THE DATA:
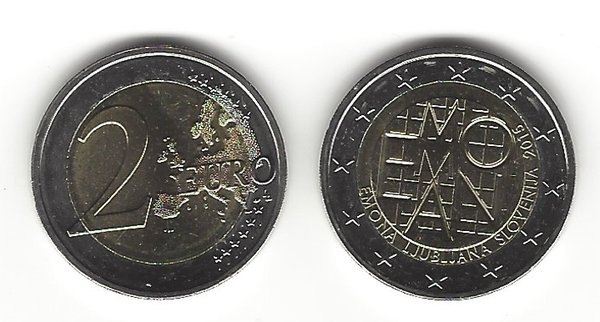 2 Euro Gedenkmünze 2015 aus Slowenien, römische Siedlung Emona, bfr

* * *

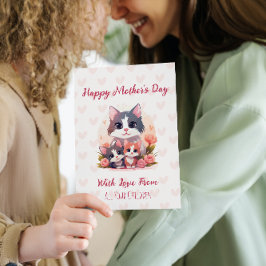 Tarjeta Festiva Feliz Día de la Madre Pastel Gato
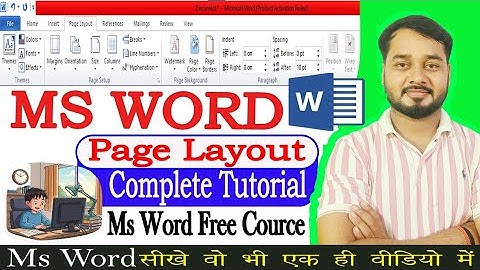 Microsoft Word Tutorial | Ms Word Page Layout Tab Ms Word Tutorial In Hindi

INSTRUCTIONS TO FOLLOW: Taking the material above, give again exactly the lines from the one holding "Tarjeta Festiva Feliz" through the one holding "Microsoft Word Tutorial", with both ends and without pictures.

SOLUTION FOR THIS EXERCISE:
 Tarjeta Festiva Feliz Día de la Madre Pastel Gato
 Microsoft Word Tutorial | Ms Word Page Layout Tab Ms Word Tutorial In Hindi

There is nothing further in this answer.